Sebagai perusahaan terdepan yang memproduksi energi panas bumi, PT Pertamina (Persero) mendukung aturan baru pemerintah tersebut. Regulasi yang ramah terhadap investasi itu dinilai bakal mempercepat pembangunan energi terbarukan panas bumi, maupun energi terbarukan lainnya seperti bio massa, hidro, matahari dan lainnya.
Dalam beberapa tahun ke depan, menurut Direktur Utama Pertamina Elia Massa Manik, BUMN sektor energi ini masih akan mengembangkan energi panas bumi. "Untuk itu kami menyambut baik regulasi yang ramah investasi dan mendukung terciptanya clean energy kedepan. Kami juga sudah membangun pembangkit listrik panas bumi dengan kapasitas terpasang 587 MW. Potensinya sangat besar, dari total 29 Gigawatt, yang baru terpasang masih kurang dari 3 Gigawatt. Untuk itu regulasi memiliki peran penting dalam pengembangan energi panas bumi ke depan," kata Elia melalui keterangan tertulisnya, Rabu (13/12).
Direktur Panas Bumi Direktorat Jenderal Energi Baru, Terbarukan dan Konservasi Energi (EBTKE) Yunus Saefulhak menyatakan, regulasi terbaru memungkinkan adanya skema B2B, jika rata-rata biaya pokok produksi (BPP) pembangkit listrik dinilai kurang.
Dicontohkan, proyek pembangkit Panas Bumi Rantau Dedap yang berada di Kabupaten Muara Enim dan Lahat, Kota Pagar Alam, Provinsi Sumatera Selatan pada akhirnya penentuan harga listriknya ditentukan melalui proses amendemen perjanjian jual beli tenaga listrik atau power purchase agreement (PPA).
Dari target bauran energi terbarukan sebesar 23 persen pada 2025, sekitar 7.200 MW atau 16 persen akan datang dari panas bumi, dan investasi di sektor ini di perkirakan akan mencapai 8 miliar dolar AS.
"Untuk itu kita harus menyiapkan beberapa strategi, yang pertama regulasinya harus mendukung. Kemudian pilihan lain, kita juga bisa menggunakan pinjaman lunak, sehingga bisa mendapatkan harga yang lebih murah atau bisa juga bekerja sama dengan negara lain, yang memiliki teknologi yang lebih maju, sehingga terjadi transfer teknologi di sana," kata Yunus menjelaskan.

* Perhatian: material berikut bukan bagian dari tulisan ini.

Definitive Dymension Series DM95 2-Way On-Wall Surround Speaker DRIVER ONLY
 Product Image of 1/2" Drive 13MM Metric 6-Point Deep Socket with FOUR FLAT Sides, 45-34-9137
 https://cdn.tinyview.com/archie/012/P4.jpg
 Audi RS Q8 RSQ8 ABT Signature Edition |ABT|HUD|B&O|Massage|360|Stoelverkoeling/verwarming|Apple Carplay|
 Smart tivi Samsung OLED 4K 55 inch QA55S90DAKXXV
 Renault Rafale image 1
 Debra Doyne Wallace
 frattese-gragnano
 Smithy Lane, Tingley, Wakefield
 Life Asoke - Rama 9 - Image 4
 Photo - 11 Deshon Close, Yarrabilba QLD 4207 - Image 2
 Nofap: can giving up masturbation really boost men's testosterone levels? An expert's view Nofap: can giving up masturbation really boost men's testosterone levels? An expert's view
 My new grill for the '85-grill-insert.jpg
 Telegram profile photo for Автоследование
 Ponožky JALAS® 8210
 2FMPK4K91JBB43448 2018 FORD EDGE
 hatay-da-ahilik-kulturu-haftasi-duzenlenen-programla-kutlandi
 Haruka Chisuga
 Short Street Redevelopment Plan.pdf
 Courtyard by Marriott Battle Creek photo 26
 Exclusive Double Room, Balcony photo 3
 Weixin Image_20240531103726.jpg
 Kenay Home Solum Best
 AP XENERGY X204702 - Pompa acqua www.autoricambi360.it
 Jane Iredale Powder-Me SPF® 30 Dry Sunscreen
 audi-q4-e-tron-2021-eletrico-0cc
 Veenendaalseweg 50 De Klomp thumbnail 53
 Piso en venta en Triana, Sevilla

Ditambahkan, sejak pemerintah memperbaiki regulasi terkait pengembangan panas bumi, investasi di sektor ini semakin meningkat. Dalam setahun terakhir misalnya, ada 80 penandatanganan pembangkit listrik energi terbarukan oleh IPP (independent power producers) dengan kapasitas pembangkit listrik mencapai 1.100 MW yang terdiri dari PLTA, PLT biomassa, PLTP, dengan investasi 2,9 miliar dolar AS. Sementara potensi energi baru terbarukan di Indonesia mencapai 443,2 GW dan yang termanfaatkan baru 8,8 GW atau 2 persen.